Importing huge text files

  • Thread starter Thread starter Helge V. Larsen
  • Start date Start date
H

Helge V. Larsen

I have several huge semicolon delimited text files that I import to tables,
one table per file. The files are of size 200 - 300 kB and have more than
1,000,000 lines each. My problem is that it takes too much time to do the
import. I am importing by using DoCmd.TransferText. (I am aware of my
potential problem of max. database size of 2 GB.)

The tables have primary keys, have indexes, and have relations to other
tables. I have seen that things are speeded up considerably if I remove
keys, indexes and relations - but I do not like to do this.

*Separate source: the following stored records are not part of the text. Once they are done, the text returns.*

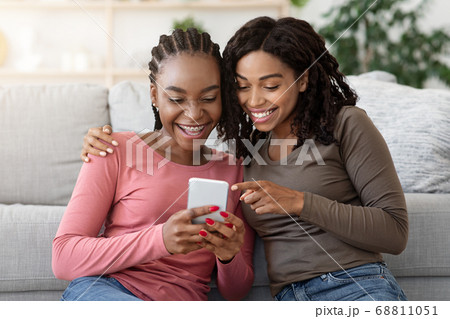 Cheerful black girls having fun at home, using smartphone 68811051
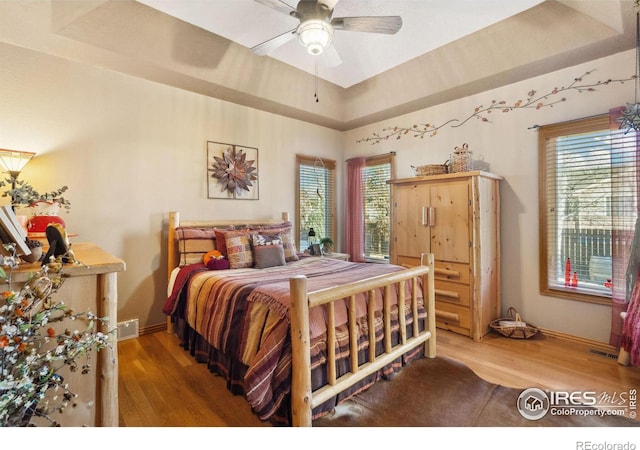 bedroom with hardwood / wood-style floors, ceiling fan, and a tray ceiling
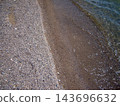 Top-down view of a gravelly pebble beach meeting clear water. Gentle waves lap against the dark, wet shoreline, creating a distinct natural line between dry small stones and wet sand. 143696632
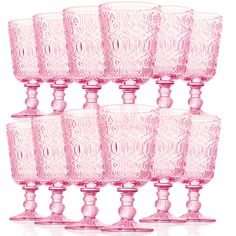 six pink glass goblets are lined up in a row on a white background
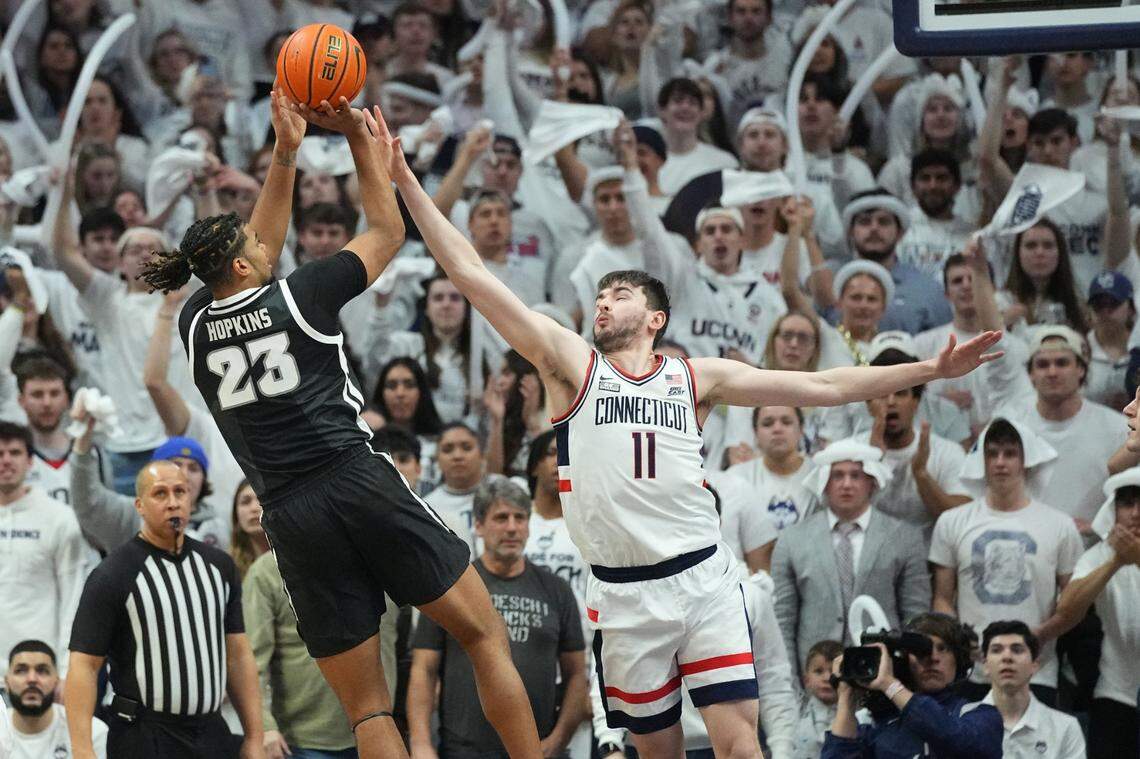 Providence forward Bryce Hopkins (23) shoots the ball against Connecticut forward Alex Karaban (11) during a game in Storrs, Conn., on Feb 22.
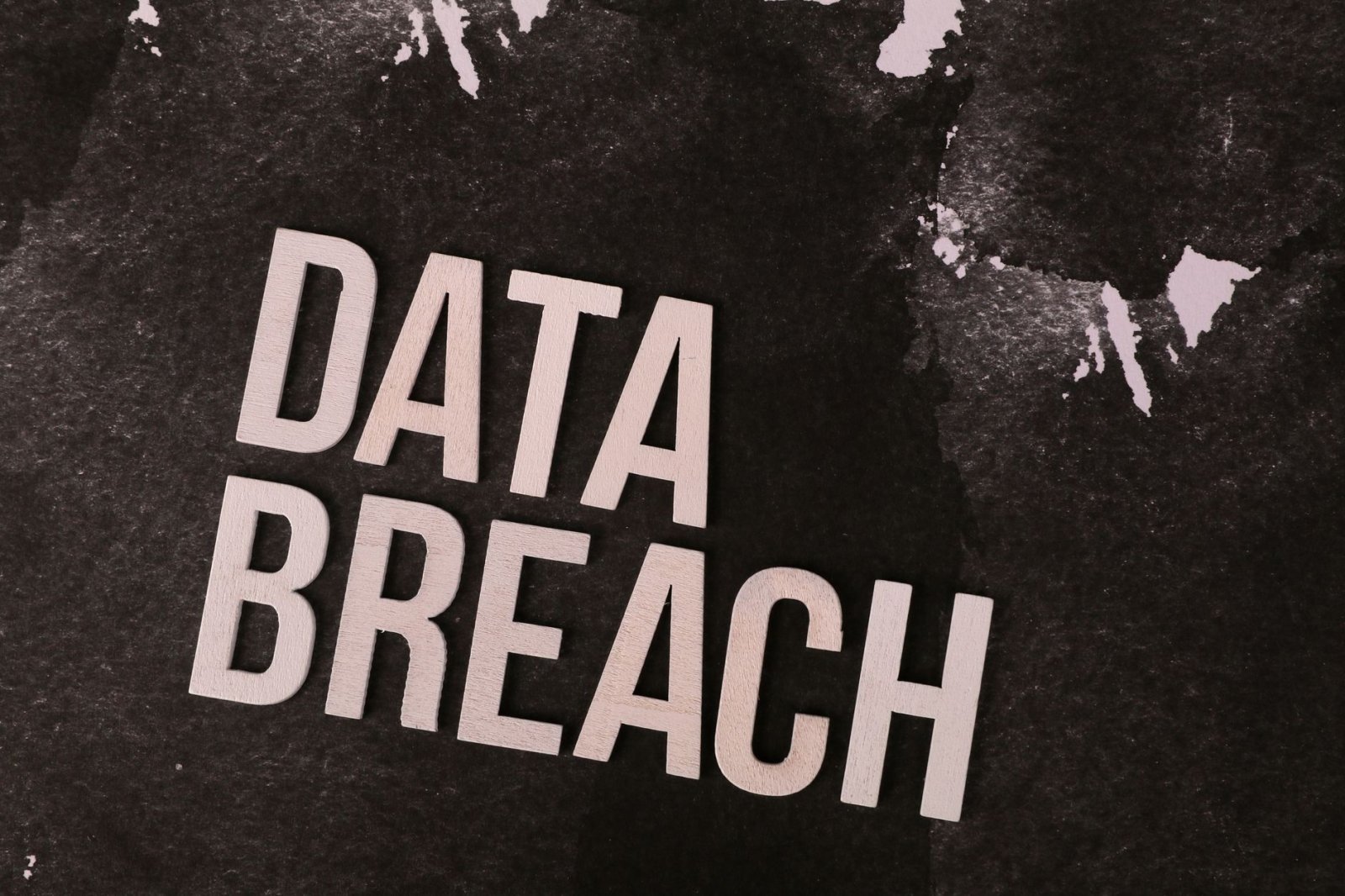 A conceptual image highlighting the issue of data breaches, featuring bold text on a textured background.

I have read somewhere that things would be faster if I used transactions.
BeginTrans before importing and CommitTrans after importing (because then
indexing etc. is not done per record, but when everything is imported). But
BeginTrans/CommitTrans does not function in connection with
DoCmd.TransferText - as far as I can see.

How can I speed things up? Right now it takes hours to import data!
 
This is a suggestion:

Try importing each file into a new (empty) table with no keys,
relationships, or indexes. Then run an Append query to copy the
records from the new table to your existing table. I don't know
if this will speed things up, but I'm guessing that query
execution might be faster.

Regards
Geoff




"Helge V. Larsen"
 
I had already tried this. But the time to append data is similar to the time
needed to import to a table with keys, relations and relations.
 
If what you've read is right (that using transactions will speed
things up), then here's some sample code you could adapt. It's
one solution of a number of possibilities you could go for. This
solution still runs an append query but within a transaction.
I'd be interested to know if it actually does speed things up. I
don't think you can run a TransferText within a transaction.

I've assumed:

1. that you've created a linked table, called "NewData", to your
semicolon delimited text file;
2. that the text file has field names in the first row; and
3. that the table into which the data is to be imported is called
"OldData".


Copy this code to a new module:


Option Compare Database
Option Explicit

' This module needs a reference to
' Microsoft DAO 3.6. To set the reference:
' 1. In VBA editor, open Tools | References.
' 2. Select Microsoft DAO 3.6.

Private mobjDBE As DAO.DBEngine
Private mobjWS As DAO.Workspace
Private mobjDB As DAO.Database

Private RetVal As VbMsgBoxResult


Private Sub AddData()

On Error GoTo Error_AddData

RetVal = MsgBox("Start?", vbYesNo + vbQuestion)
If RetVal <> vbYes Then
GoTo Exit_AddData
End If

Call InitializeVariables
mobjWS.BeginTrans
With mobjDB
.Execute "INSERT INTO OldData " _
& "SELECT NewData.* " _
& "FROM NewData;", dbFailOnError
End With
' If no error occurred, commit tranaction:
mobjWS.CommitTrans
MsgBox "Data Appended.", vbInformation

Exit_AddData:

Call DestroyObjects
Exit Sub

Error_AddData:

MsgBox "An error occurred while appending data. " _
& "Sort out problems and repeat transaction.", _
vbOKOnly + vbExclamation, "Error"
mobjWS.Rollback
Resume Exit_AddData

End Sub

Private Sub InitializeVariables()

Set mobjDBE = DAO.DBEngine
Set mobjWS = mobjDBE.Workspaces(0)
Set mobjDB = CurrentDb()

End Sub

Private Sub DestroyObjects()

Set mobjDB = Nothing
Set mobjWS = Nothing
Set mobjDBE = Nothing

End Sub


Regards
Geoff




"Helge V. Larsen"
 
Sorry - I should have written:

I have attached an Excel file with the results of my timing experiments. I
have shown the relations involved.

(The posting was too big for the server when I tried to include JPG files.)
 
I had a hunch that transactions wouldn't speed things up much;
after all, the purpose of transactions is to group changes to
data so that a group of transactions are either all performed and
completed together as one unit or are all discarded if an error
occurs. (Apparently, transactions may save some time on disc
access.) However, it's probably just as well you've confirmed
the timings in your case.

I've found some code that will do what you want (and more). It
needs some modification to remove the functionality you don't
need and it's proving a little stubborn! Well, not really; it's
just that I think it would be better as a series of class
modules, which I'm in the process of creating.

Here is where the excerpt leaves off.